Stiamo affondando ma è meglio non pensarci, buttarla in caciara, richiamare alla memoria il tempo che fu, senza darsi troppe preoccupazioni.

Molta ideologia ma soprattutto molto “buon senso”, come direbbe il vicepremier: il nero non è tanto un colore politico, è un fatto fiscale, e tiene insieme – chissà per quanto – una comunità altrimenti sgangherata.


Progetti collettivi non ce ne sono più, oltre alla visione claustrofobica di una famiglia peraltro sempre più astratta e insincera, non si vede nulla.
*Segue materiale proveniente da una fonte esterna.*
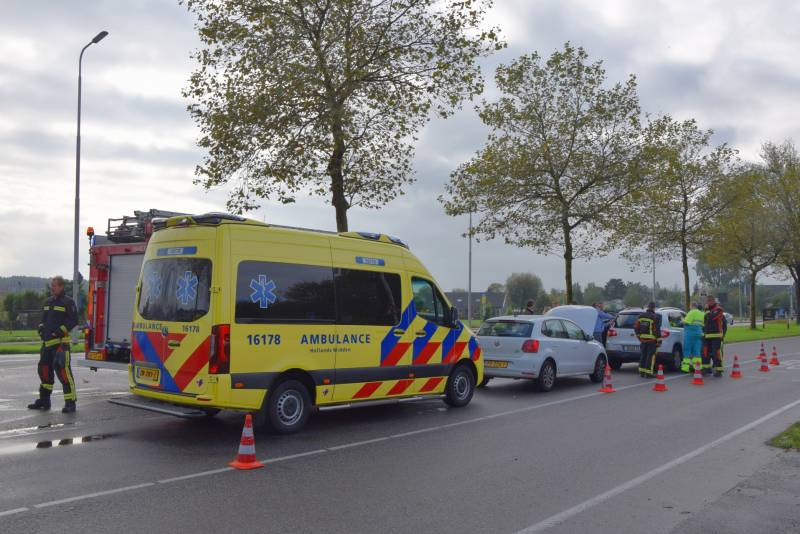 #Voorschoten Rijbaan afgesloten na kop-staart aanrijding Voorschoterweg - N447 Voorschoten.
Rimangono sulla carta i piani altisonanti e le decisioni irrevocabili, in un quadro nazionalistico che sa tanto di disperazione. Ce la si prende con i migranti, che comunque continuano ad arrivare. L’Europa, al di là della diplomazia, è sempre uno spauracchio. Il nuovo è rifiutato perché inconcepibile: non vorrete mica cambiare rendite di posizione e sottrarvi al richiamo del “si è sempre fatto così”? Siete matti?


Qualcuno si chiederà: dove stiamo andando? Ma è proprio questa la domanda che non è lecito farsi. Ciò che arriva dal futuro, le questioni da affrontare, la stessa complessità del presente, è semplicemente negata: vi ricordate quando non c’erano gli stranieri (e i neri soprattutto)? Quando le persone omosessuali non avevano pretese? Quando c’erano la famiglia, le pattine e il tinello? Se pensate che stia esagerando, sappiate che questo è esattamente il contenuto del libro politico più acquistato nel 2023.
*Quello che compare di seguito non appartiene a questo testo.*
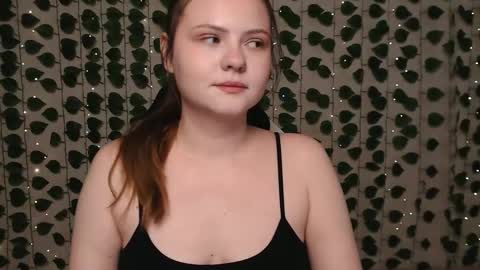 Lina online show from February 3, 4:14 am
In tutto questo, l’opposizione non ha preso coraggio e oltre a ripetere vaghe formule di alleanza in versione di sommatoria e fotografia dell’esistente, non ha da offrire un progetto e non ha una speranza da dare.
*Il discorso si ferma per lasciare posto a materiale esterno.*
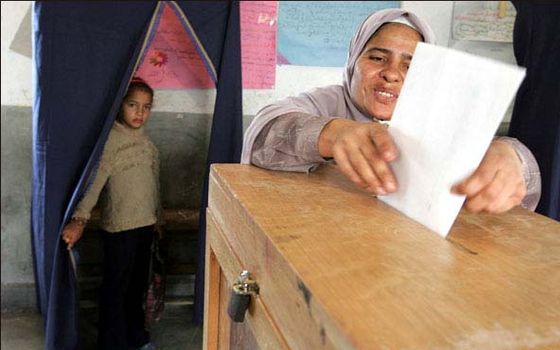   مصر اليوم - مؤشر الديمقراطية يُوصي بمسودة اتفاق لمحددات النظام الانتخابي الجديد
Hanno vinto gli altri, per demeriti dell’attuale opposizione, come sappiamo. E il quadro non sembra cambiare affatto, se non in peggio, perché l’attuale compagine di governo è dedita soprattutto all’occupazione del potere, cosa che storicamente le riesce benissimo.


Il 2024 sarà l’anno delle riforme istituzionali, e non è affatto detto che finisca come le altre volte, perché il paese scivola e chissà che il premierato non trovi fortuna. Per evitarlo, ci vuole qualcosa di molto diverso da ciò che vediamo: altrimenti si andrà di male in peggio. Del resto, non si stava meglio quando si stava peggio? Ecco, in sintesi, l’attuale fase politica.